One change concerns the Palestinian front. Trump’s statement that he does not insist on the two-state formula breaks with what has been American dogma for nearly a quarter of a century.
In this regard, it can be said that the Palestinians have again not missed an opportunity to miss an opportunity. The American adoption of this idea provided the Palestinians with a viable chance for statehood that will now be increasingly difficult to restore.
The growing American lack of interest in the Palestinian situation is intensified by the Arab civil wars, as US lawmakers on both sides of the aisle increasingly conclude that the Arab-Israeli conflict is not the cause of the region’s problems, unlike what Obama implied in his Cairo speech of 2009.
True, Netanyahu was given no green light to do as he pleases in the West Bank.
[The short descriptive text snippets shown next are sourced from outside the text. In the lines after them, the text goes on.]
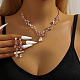 Комплекты серег-гвоздиков и ожерелий из сплава со стразами для женщин FS-WGD2CB4-02-2
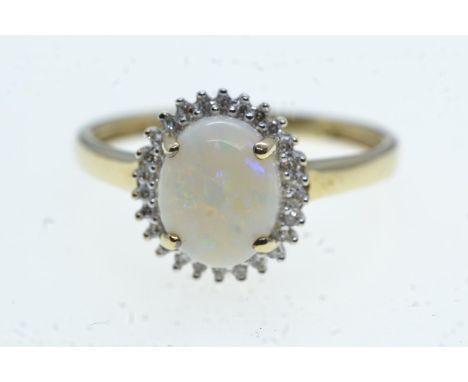 9ct gold, opal & diamond cluster ring, size U, 2.85 grams 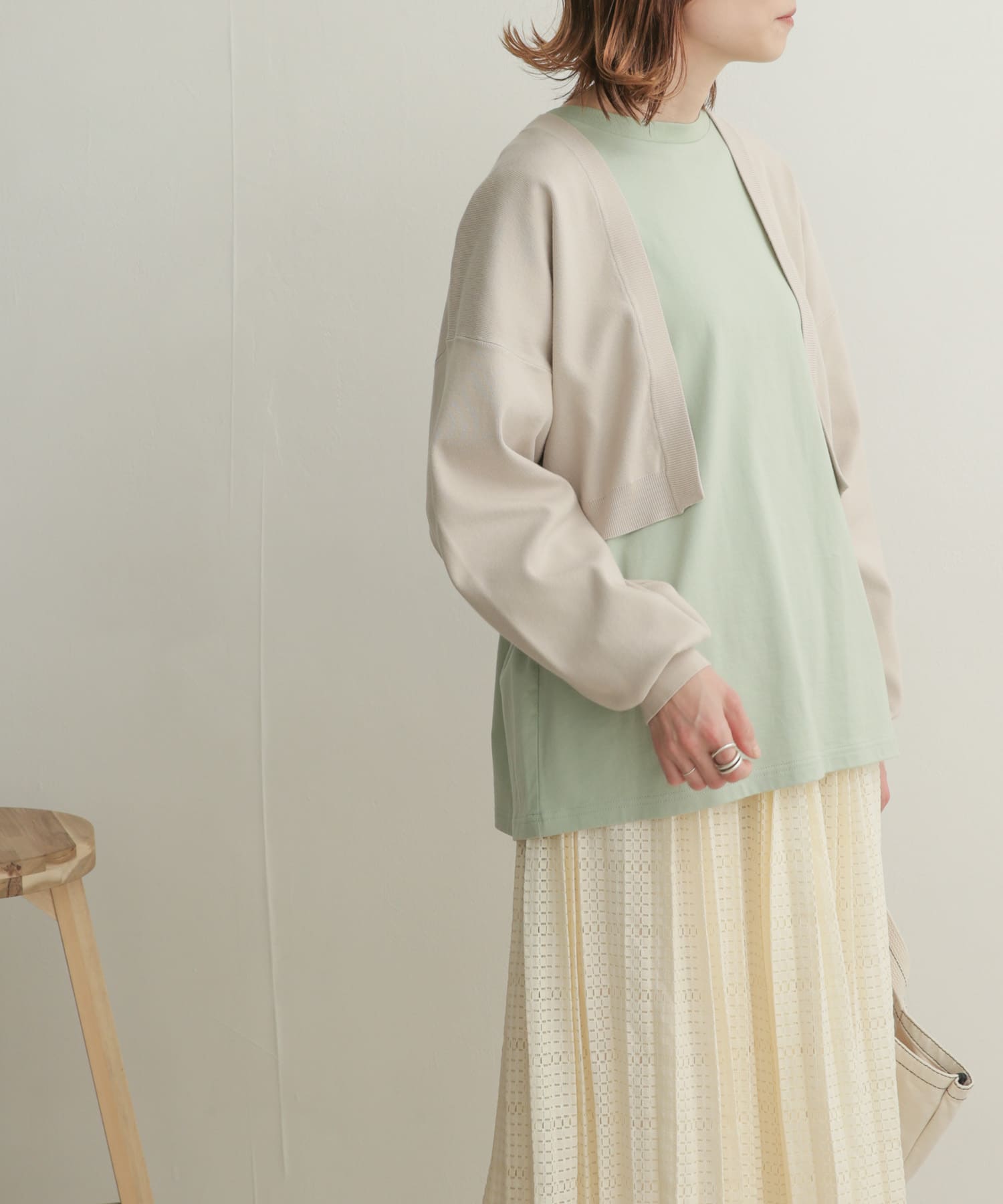 ボリュームスリーブボレロカーディガン BEIGE 1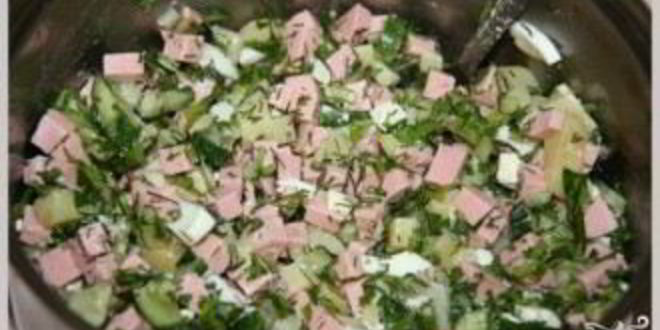 Рецепт окрошки с квасом и кефиром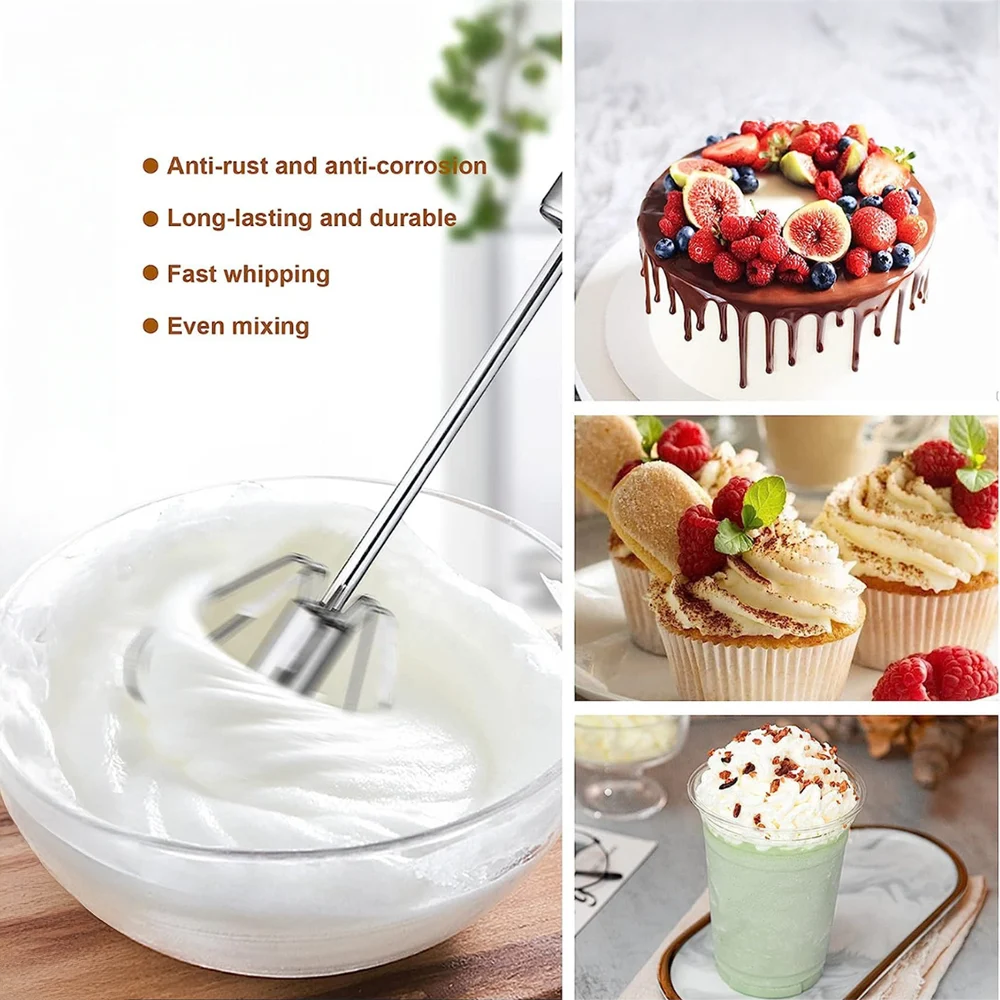 Heavy-duty stainless steel whisk creating smooth cream for desserts and beverages.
Trump’s request as the two faced reporters, “hold back on settlements for a little bit,” poured cold water on those standing to Netanyahu’s right who celebrated Trump’s victory as a messianic epiphany.
The same goes for the US Embassy’s transfer to Jerusalem, a vow from which Trump seems to be retreating.
Similarly, Ambassador-designate David Friedman’s statement to a Senate confirmation panel that he backs the two-state solution demonstrated the limits of Washington’s new toleration of the Right’s agenda.
Even so, change is deep because Trump fully accepts most Israelis’ views on the two issues that overshadow the broader Mideast: terrorism and Iran.
THE PREVIOUS administration stubbornly refused to say the West is at war with Islamism, namely, the ideology that strives to violently impose Islam on the world. Instead, Obama repeatedly defined “terrorism” as the enemy.
Most Israelis have forged their views on this issue in the wake of last decade’s violence here. Obama’s attitude carried profound meaning because if Islamism is not exposed as a global scourge and an implacable ideology, then the counterattack cannot be properly waged, and the war cannot be won.
Washington’s new management fully agrees with Israel on this front, and this goes not only for the president but also for his cabinet and the Republican-controlled Congress.
The same goes for Iran.
The previous administration’s assumptions that Tehran’s mullahs are reasonable diplomatic partners and that they can offer a reliable cushion for American interests in the Middle East are, in the eyes of the current administration, abominations.
For the new White House, Congress and Pentagon, today’s Iran is the same one that took hostage 52 Americans in Tehran, murdered 305 American and French peacekeepers in Beirut, and then sent agents to attack dissidents, diplomats and embassies worldwide.
To this administration, Obama’s apology in his Cairo speech for America’s (marginal) role in a 1953 coup in Tehran was political lunacy. Iran to them is the inventor of global jihadism and a major engine of the Mideast’s multiple wars, as it seeks a Shi’ite corridor stretching from Tehran to the Mediterranean through Iraq, Syria and Lebanon, and also to the Red Sea through Yemen.
Iran’s role in the Arab civil wars is seen by the current administration as a threat not only because of Tehran’s record on terrorism, and not only because of its stated quest to see Israel erased, but also because of its threat to the Sunni states’ regional hegemony.
America’s new leaders see as its enemies the Iranian regime and all things Islamist – the ideology, its apostles and their troops. Stemming from this is a return to the original American quest to undo, rather than delay, Iran’s nuclear ambitions, and a new quest to encourage the ayatollahs’ political demise.
At the same time, the urge to impose democracy, as Obama tried to do in Egypt, is gone, as is the urge to improvise peace the way John Kerry tried to do while shuttling between Jerusalem and Ramallah.
Washington’s radically changed thinking was made plain in Trump’s meeting with Netanyahu, and then in UN Ambassador Nikki Haley’s statement in a press conference that the UN’s “prejudiced approach to Israeli-Palestinian issues bears no relationship to the reality of the world,” and that the organization’s “double standards are breathtaking.”